My first option was to choose a year I was interested in from a range of 2000 to 2013. Then I had an option of selecting two additional metrics. For me this was “Mother’s age (9 Levels)” and “Mother’s Borough of Residence.” (Since I was interested in teen pregnancy rates, I chose the 9 Levels option, because the 4 Levels option did not include data on the 10-14 year old population.) After downloading the resulting data onto my computer, I had to go back to the opening page and start by entering my selection over again, just changing the year for the data.

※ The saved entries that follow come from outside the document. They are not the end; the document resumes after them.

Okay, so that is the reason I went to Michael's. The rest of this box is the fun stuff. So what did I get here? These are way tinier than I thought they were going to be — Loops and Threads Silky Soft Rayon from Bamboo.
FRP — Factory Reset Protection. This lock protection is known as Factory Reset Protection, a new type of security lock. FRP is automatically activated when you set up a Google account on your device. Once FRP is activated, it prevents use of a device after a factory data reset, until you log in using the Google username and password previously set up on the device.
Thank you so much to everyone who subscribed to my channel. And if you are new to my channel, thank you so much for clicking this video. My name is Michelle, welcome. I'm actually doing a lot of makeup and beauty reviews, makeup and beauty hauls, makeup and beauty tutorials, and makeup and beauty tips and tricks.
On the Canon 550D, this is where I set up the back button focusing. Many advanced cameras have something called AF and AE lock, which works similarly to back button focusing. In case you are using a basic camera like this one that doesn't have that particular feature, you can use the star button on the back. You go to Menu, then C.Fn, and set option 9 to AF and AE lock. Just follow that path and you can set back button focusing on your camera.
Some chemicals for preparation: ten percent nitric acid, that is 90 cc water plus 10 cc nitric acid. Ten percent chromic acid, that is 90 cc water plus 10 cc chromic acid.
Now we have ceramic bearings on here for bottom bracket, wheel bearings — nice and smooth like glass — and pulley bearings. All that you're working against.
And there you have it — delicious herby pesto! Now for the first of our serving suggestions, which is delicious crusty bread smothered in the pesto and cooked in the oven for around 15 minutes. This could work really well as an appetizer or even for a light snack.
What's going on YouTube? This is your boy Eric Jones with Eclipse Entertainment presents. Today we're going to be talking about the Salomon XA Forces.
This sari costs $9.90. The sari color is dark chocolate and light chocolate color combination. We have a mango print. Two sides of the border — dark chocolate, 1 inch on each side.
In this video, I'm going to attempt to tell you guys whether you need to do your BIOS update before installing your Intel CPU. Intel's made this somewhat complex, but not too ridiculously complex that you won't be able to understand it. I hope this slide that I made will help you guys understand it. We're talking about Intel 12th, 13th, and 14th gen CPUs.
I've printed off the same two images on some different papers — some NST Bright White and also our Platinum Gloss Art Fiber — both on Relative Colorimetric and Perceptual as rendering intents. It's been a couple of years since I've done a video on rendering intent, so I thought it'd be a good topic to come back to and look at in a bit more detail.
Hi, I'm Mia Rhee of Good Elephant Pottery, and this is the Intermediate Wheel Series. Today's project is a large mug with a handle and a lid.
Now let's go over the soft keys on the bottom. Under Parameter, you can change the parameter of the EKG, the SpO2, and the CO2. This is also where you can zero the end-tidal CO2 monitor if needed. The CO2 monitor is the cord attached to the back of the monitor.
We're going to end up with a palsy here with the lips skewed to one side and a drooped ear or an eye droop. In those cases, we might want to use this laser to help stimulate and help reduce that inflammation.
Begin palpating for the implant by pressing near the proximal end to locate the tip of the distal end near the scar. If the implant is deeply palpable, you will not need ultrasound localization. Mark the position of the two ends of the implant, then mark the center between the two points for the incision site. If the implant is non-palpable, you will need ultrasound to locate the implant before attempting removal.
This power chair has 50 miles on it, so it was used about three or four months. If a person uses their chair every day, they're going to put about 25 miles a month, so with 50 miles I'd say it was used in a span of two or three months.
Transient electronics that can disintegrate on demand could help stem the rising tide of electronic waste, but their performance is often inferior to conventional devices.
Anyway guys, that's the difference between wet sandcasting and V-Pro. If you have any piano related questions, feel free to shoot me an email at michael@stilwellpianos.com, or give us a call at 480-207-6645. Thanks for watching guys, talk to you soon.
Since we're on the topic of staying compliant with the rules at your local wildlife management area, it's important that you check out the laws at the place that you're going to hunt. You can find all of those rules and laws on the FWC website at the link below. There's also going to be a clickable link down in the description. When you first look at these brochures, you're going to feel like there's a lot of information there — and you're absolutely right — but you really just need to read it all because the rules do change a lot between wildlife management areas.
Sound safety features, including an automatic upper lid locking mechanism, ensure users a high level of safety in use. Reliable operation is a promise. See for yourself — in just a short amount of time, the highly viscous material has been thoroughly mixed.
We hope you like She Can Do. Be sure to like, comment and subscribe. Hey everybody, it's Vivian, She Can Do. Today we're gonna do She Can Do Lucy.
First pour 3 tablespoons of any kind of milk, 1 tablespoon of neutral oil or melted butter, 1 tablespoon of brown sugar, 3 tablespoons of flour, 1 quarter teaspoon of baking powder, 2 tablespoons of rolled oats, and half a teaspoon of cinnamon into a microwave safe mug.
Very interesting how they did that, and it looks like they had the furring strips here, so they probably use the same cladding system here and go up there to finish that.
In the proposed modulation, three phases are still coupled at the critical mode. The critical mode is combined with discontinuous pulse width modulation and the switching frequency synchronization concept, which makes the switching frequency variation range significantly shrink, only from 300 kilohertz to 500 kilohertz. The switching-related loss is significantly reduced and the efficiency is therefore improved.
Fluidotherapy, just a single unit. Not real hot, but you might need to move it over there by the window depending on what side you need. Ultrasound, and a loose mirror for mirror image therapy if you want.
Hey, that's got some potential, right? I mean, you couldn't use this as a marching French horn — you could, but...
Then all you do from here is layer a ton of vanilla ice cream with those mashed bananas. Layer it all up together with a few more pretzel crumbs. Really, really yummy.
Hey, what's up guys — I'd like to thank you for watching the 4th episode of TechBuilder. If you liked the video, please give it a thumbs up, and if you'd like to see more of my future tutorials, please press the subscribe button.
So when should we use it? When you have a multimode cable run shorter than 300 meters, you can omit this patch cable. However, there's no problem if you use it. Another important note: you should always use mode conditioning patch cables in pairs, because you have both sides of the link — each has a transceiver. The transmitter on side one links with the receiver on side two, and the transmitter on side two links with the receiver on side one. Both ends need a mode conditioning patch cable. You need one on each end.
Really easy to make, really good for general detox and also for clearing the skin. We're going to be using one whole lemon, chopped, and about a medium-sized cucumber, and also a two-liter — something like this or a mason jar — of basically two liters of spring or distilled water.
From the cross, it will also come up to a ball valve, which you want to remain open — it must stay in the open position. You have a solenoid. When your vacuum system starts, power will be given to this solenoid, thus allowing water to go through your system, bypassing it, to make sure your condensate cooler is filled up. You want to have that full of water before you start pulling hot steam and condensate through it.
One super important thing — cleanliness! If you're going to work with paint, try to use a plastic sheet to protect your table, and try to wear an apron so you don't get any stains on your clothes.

I downloaded data for three years from the available range: 2000, 2006, and 2013. I hoped that comparing birth count six years apart would enable me to see changes that are not incremental.
14 November 2015
I played around with other selections to see what stands out to me from the City’s great website and decided to download “Neighborhood Poverty” data.
17 November 2015
For the last two and a half hours, I have been trying to figure out how to: stop Excel from changing my data into date format; merge multiple Excel documents into one; who created a Twitter account under my email address and how to disassociate them; and last but not least, how to code “No Data” – leave the cell blank or type in zeros? After several YouTube videos and lots of clicking around the web, I stopped for the day with the project.
18 November 2015
After a good night of sleep, I sat down at my computer and started the process anew. After more clicking around and another YouTube video, I successfully merged the documents. Then, following Digital Fellow Hannah Aizenman’s workshop on Data Debugging, I proceeded to clean up my data and fix any bugs or incorrect data, deciding, for now, to leave the blanks blank. I also left out birth data for non-NYC residents. I used graph paper and crayons to play with how I could visualize four metrics on one plane. After calling up my partner to ask the how-tos, I created pivot tables. Charts, bar graphs, and, circles followed. Then it was time to go to the Digital Fellows’ office hours.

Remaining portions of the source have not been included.